Hero paramedic, 35, is greeted with round of applause during visit to Lidl while customer pays for his £25 shop after finishing 12-hour shift on coronavirus frontline
- David Tillyer had finished a 12-hour shift as a paramedic dealing with Covid-19
- The 35-year-old from Norfolk went shopping in Lidl after his overnight shift
- Shoppers paid for his food and have him a round of applause for his service
- Mr Tillyer said the 20 people in front of him let him jump to the top of the queue
A paramedic received a standing ovation and had his weekly shop paid for by kind customers at a supermarket, after he finished a 12-hour night shift helping coronavirus patients
David Tillyer, 35, says he was ‘touched’ by the good deed from shoppers at Lidl in Cromer, Norfolk, which he visited at 8am Wednesday.
The paramedic, who lives in nearby Aylsham, had stopped off at the store in his uniform to pick up some essentials, after having to eat only a pot noodle for dinner because of reduced opening hours at 24-hour shops.
Paramedic David Tillyer, 35, received a standing ovation after he completed a 12-hour shift and went to his local Lidl store to pick up basic groceries
He said shoppers allowed him to get to the front of the queue and one generous woman even paid for his £25 shop with her bank card at the Lidl store in Cromer, Norfolk
When he arrived at the store, almost 20 people queuing up outside let him go straight to the front and gave him a round of applause, before a generous woman paid for his £25 shop with her bank card.

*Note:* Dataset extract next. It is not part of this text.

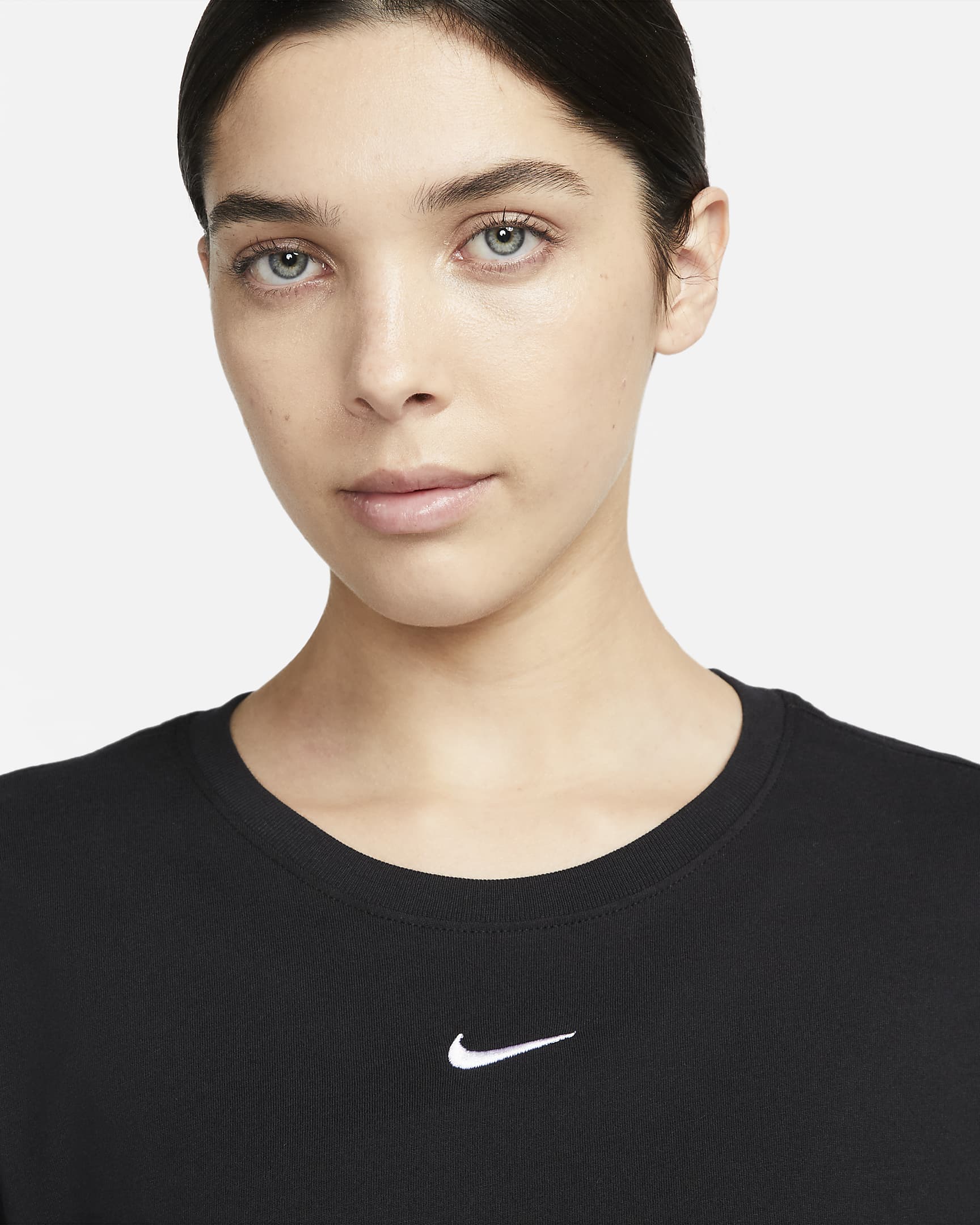 Nike Sportswear Premium Essentials Women's Long-Sleeve T-Shirt. Nike SE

Mr Tillyer said: ‘The Lidl is just across from the ambulance station and had just opened, following my shift.
‘I normally don’t go in there in my uniform, but I needed some essentials because the 24-hour Tesco I normally go to is currently on reduced hours.
‘I’d had to have a pot noodle for my lunch because I had nothing in so I was just getting some milk, eggs and groceries.
‘As I walked to the queue, a young couple saw my uniform and let me go ahead and then another person told me to go in front of them and suddenly one by one they let me go to all the way to the front.
‘Then another customer shouted, “give him a round of applause” and they all started clapping.
‘I think I turned a bright shade of red as it was very heart-warming.
‘I am proud of my job and the organisation that I work with but sometimes we get a bashing from people and this kind act just reminded me that the general public value what we do.’
Touched, but slightly embarrassed, Mr Tillyer headed inside the store and picked up his groceries.
When he reached the queue for the tills, he found the young couple from outside who let him in front of them once again.
He had begun chatting to a middle-aged woman also queueing and as he was about to pay she came over and tapped her debit card on the card reader, paying for his £25 shop using contactless.
He said: ‘I was putting my hand in my pocked to get my wallet when the lady came forward and tapped her card on the card reader.
‘It didn’t go through the first time and I tried to stop her, but she did it again and it worked.
Mr Tillyer, pictured, said he was stunned by the reaction his uniform provoked while shopping
‘Then she smiled and said, “now you can’t stop me.”‘I was shocked and embarrassed, but I had a big smile on my face as I walked back to the car and I was grinning to myself.
‘I felt I had to say something straight away before I went to bed and I shared what had happened on Facebook straightaway.
‘I was in shock and a bit emotional.
‘It touched me and it resonated with me from an emotional point of view that what I do means a lot to people and that paramedics are respected and valued.’
Mr Tillyer awoke the next day to over 150 text messages and more than 100 Facebook friend requests after his post went viral overnight.
It has now racked up almost 200,000 likes on Facebook and been shared 70,000 times and he has received messages of support from thousands of people.
He said: ‘I’m quite a private person, but it has been nice to see that so many people share the same sentiment expressed by the people in the store.
‘There has been some negativity though – some people believe that it was irresponsible going to a supermarket in uniform after work from an infections point of view.
‘But I know that my uniform was clean and I have multiple changes of uniform in case I need to get changed.
‘My job hasn’t got any more challenging yet because of Covid-19, but there has been an adjustment.
‘I think people understand the pressures we are under because of the virus.’